Wednesday, 25 February 2026 07:23

By Joe Willis, Local Democracy Reporter

The council's controversial home-to-school transport policy may contain "errors".

A senior North Yorkshire councillor has admitted that the authority's controversial home-to-school transport policy contains "errors".

Wharfedale Conservative councillor Richard Foster, executive member for managing our environment, said he hoped a post-implementation review would lead to the errors being addressed and exceptions to the policy being made in rural areas.

The mew rules, which only provide free transport to a child’s nearest school, have been criticised by parents because it means families cannot get paid transport to catchment school if it is not their closest.

In some rural areas, a journey to a closer school can mean a trip over remote high ground, which can be unsafe particularly in winter.

Councillor Andrew Murday, North Yorkshire Liberal Democrat councillor for the Pateley Bridge and Nidderdale division, spoke out against the policy change at a meeting of the Yorkshire Dales National Park Authority (YDNPA).

The councillor, who  like Cllr Foster is also a YDNPA member, said he had attended a recent public meeting in Kettlewell to discuss the impact of the policy change.

He added:

“The result is, particularly in remote rural areas, that families are left with very little alternative but to send their children to schools by transport that’s really on routes that are unsuitable.

“The problem is this discourages young families from moving to these areas and a school like Kettlewell, which has been under threat in the past, I think it’s the only school left in Upper Wharfedale, will find itself over the next few years under greater threat.”

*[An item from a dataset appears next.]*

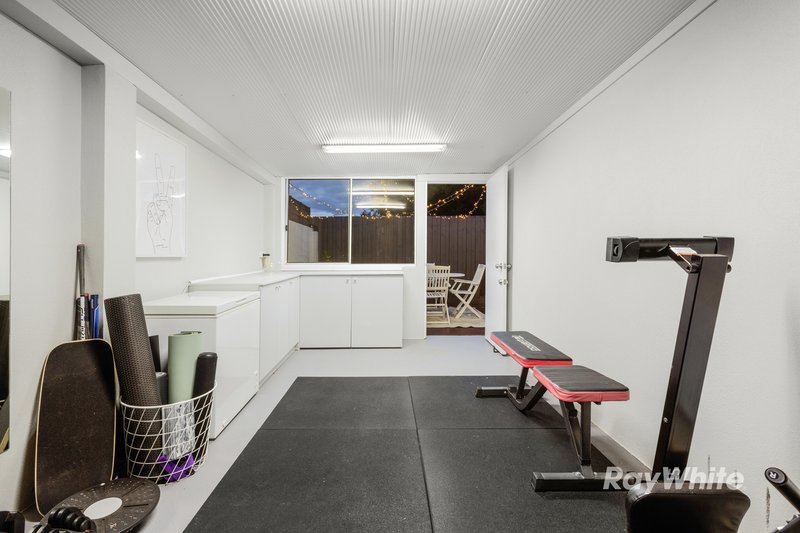 Photo - 156a Oakleigh Road, Carnegie VIC 3163 - Image 12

In response, Cllr Foster questioned why the issue was brought up at a meeting of the national park authority.

He added:

“I think that through the policy implementation review, I am hopeful, I’m not confident, but I’m hopeful that some of these very remote isolated communities will be looked at as exceptions, because they are exceptions. I think we can all agree, really, they’re exceptions.”

The councillor said the policy was saving between £4m and £5m a year.

He added:

“(School transport) has gone from £25m to nearly £50m so we need to actually look at how we deliver this budget and what we do with it.

“The idea that some parents basically choose which school they send their child to and we pay for the transport for that child, it can’t continue if you know what I mean.

“There have been errors in that policy, I would say, where the exceptions haven’t been looked at, and that is why we’re doing the review as we speak.”

A spokesperson for the School Transport Action Group, which was formed to fight the change, said Cllr Foster was “operating on pure wishful thinking”.

They added:

“He was told that grammar schools would be excluded – they weren’t. Then he was told things would be sorted out in appeals – they weren’t.

“Now he’s saying it’ll be sorted by the delayed post-implementation review – it won’t be.

“He and his Conservative colleagues, who are all still backing this disastrous policy, need to wake up and smell the coffee.”